Coconut and other produce – Value addition
Rural life is simple in terms of daily life, behaviour, attire, social relationships, ecological friendliness etc. Simplicity is easily understood in terms of simple innovations resulting from generational experiential learning of communities.
One of the notable achievement is the formation and active ground work of Farmer Producer Company among farmers, since 2019. Procurement of fresh farm products from farmers generated much enthusiasm which included copra, turmeric and tubers. Some of the challenges faced and the way they were addressed by the FFP NABARD Odanad Farmer Producer Company Ltd’s is highlighted below.
Value addition was initiated after increasing the production of coconut, sesamum, and turmeric to marketable surplus level. Value addition can be as simple as harvesting at right time. In case of coconut, for effective marketing, harvesting should be done in the seventh month of the nut. The company could not ensure uniformity and quality drying of copra to be procured. The Farmer First programme intervened through introduction of Copra Moisture Meter at a cost of Rs. 3500-4000 per piece. The procurement process was finalised by ensuring 6 percent moisture level for the quality copra. They could ensure the moisture content by taking a sample of copra cups, inserting the knob and recording the reading.

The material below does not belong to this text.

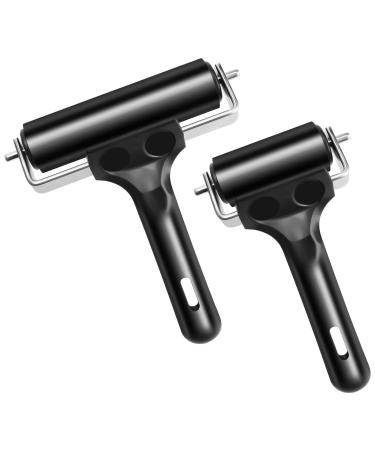 Aipaide 2 Pcs Rubber Glue Roller for Construction Tools, Printmaking, Ink Paint Block Stamping Brayers 3.8 and 2.2 Inch, Black Original Version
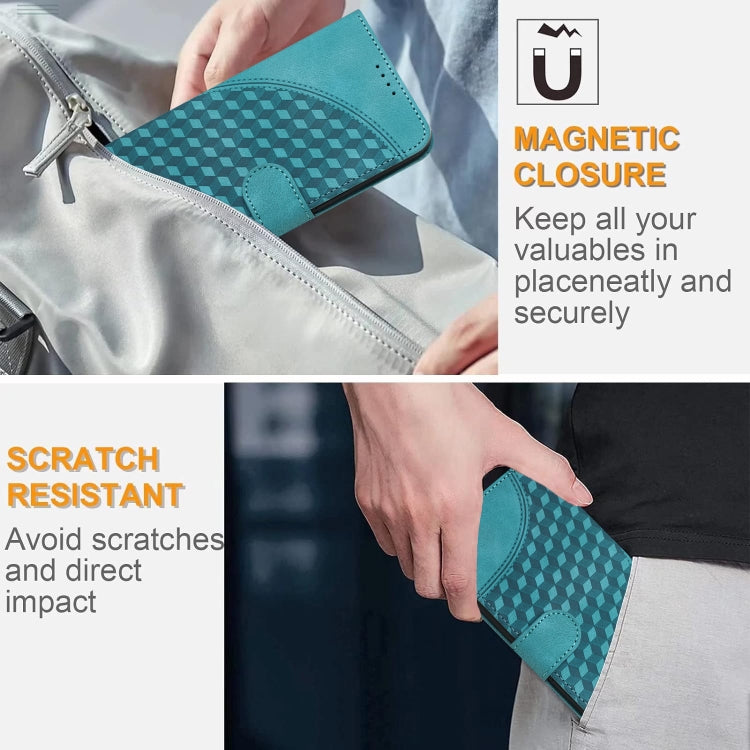 For iPhone 16e YX0060 Elephant Head Embossed Phone Leather Case with Lanyard(Light Blue) by bashfashion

Later, coconut oil units, two Virgin Coconut Oil (VCO) and coconut based food product units and one turmeric boiler, dryer and powdering unit were established in the FFP. The scale of coconut is around 25000 nuts at present. In turmeric, processing of turmeric powder involved 3 tons of fresh turmeric. The sesamum marketing and sesamum oil marketing has been done to the tune of Rs. 15-20 lakhs per year.

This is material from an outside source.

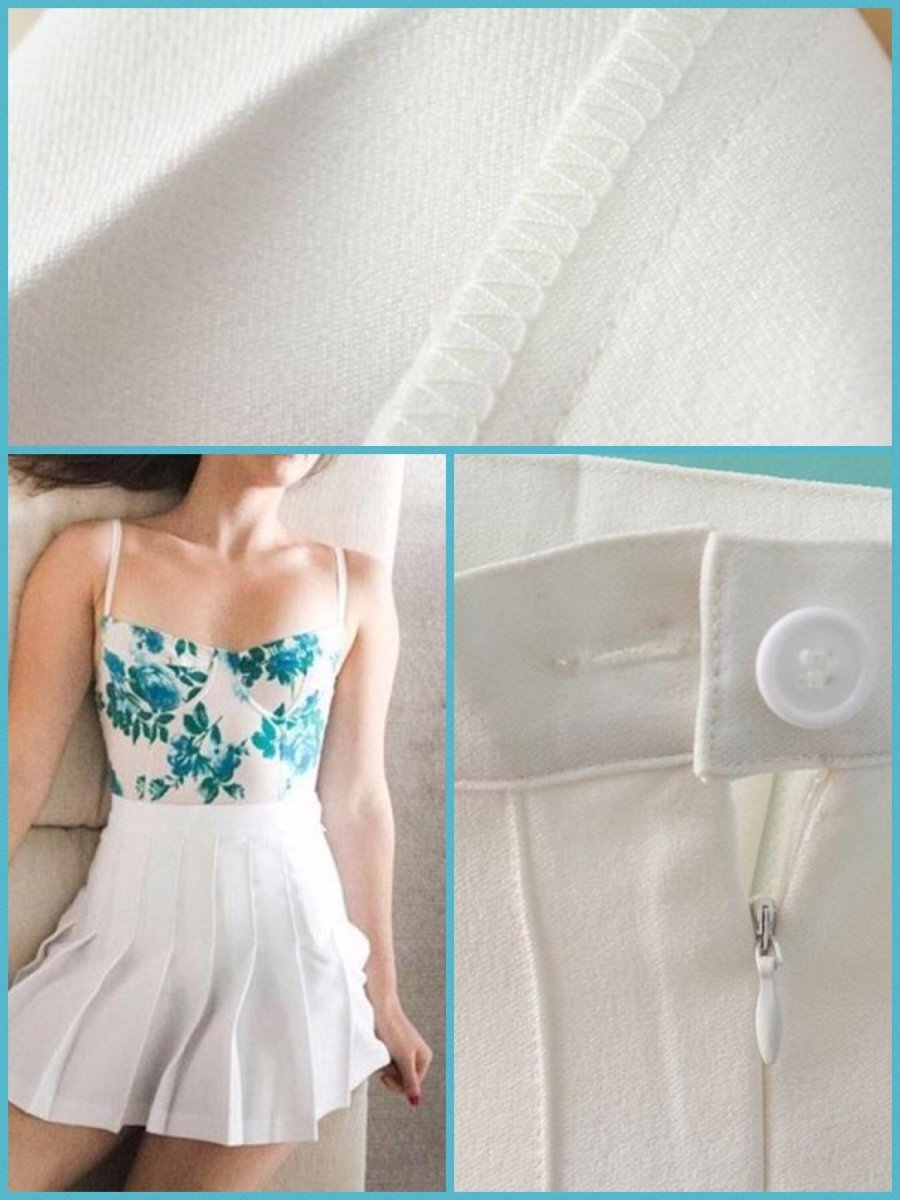 BlissGirl - High Waist Pleated Skirt - White / XS - Harajuku - Kawaii - Alternative - Fashion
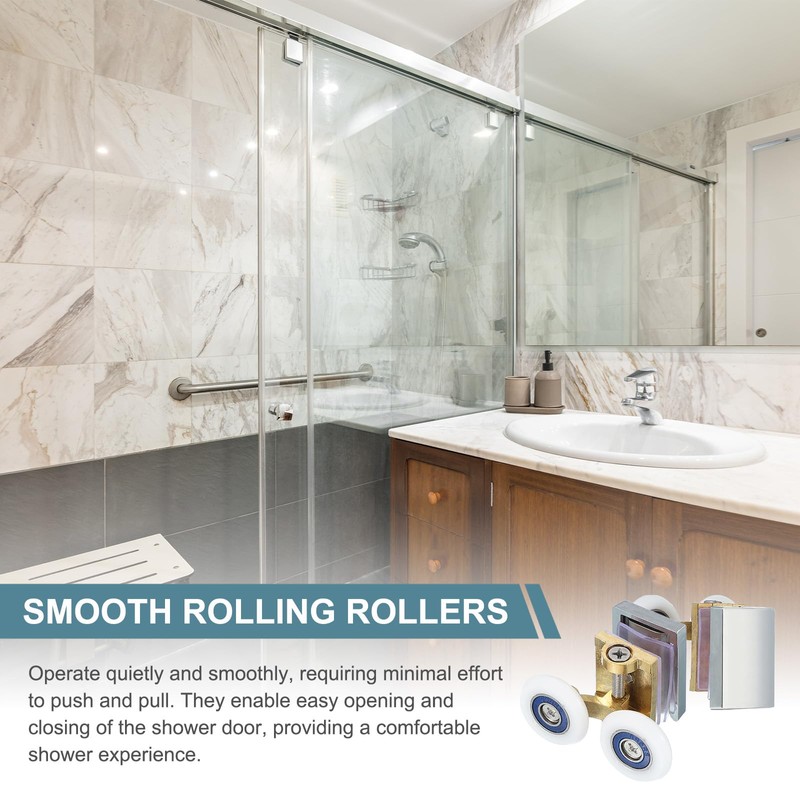 sourcing map 25mm Double Shower Door Rollers Copper Top Wheels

In 2020, FPO focused on Pathiyoor Farmers brand. The products being marketed under the brand name are: Virgin Coconut oil (VCO), turmeric to turmeric powder, sesamum to sesamum oil, cowdung to shade dried cow dung and vermicompost from farm organic residues, Ghee and butter from desi cows. A rural ‘agrimart’ was opened for procuring and selling of these products, planting materials, cowdung, other bio inputs, vermicompost etc., under the FPO. The FPO could initiate small support during Covid pandemic in procuring farm produce on call and door delivery on demand.
The major lessons learnt have been that value addition is achievable through simple practices, through cooperation, coordination and convergence and inclusiveness of communities and how a premier research institute can promote social innovation. The major challenges confronted in this period are: acute shortage of skilled coconut climbers, mobility restrictions during covid situations, climate change induced untimely heavy rains; socio economic changes leading to rapid conversion of paddy lands to housing areas resulting in drainage problems and fragmentation. However, farming interventions remained as the silver lining during covid period with active farming, active and continued interactions through mobiles and income generation.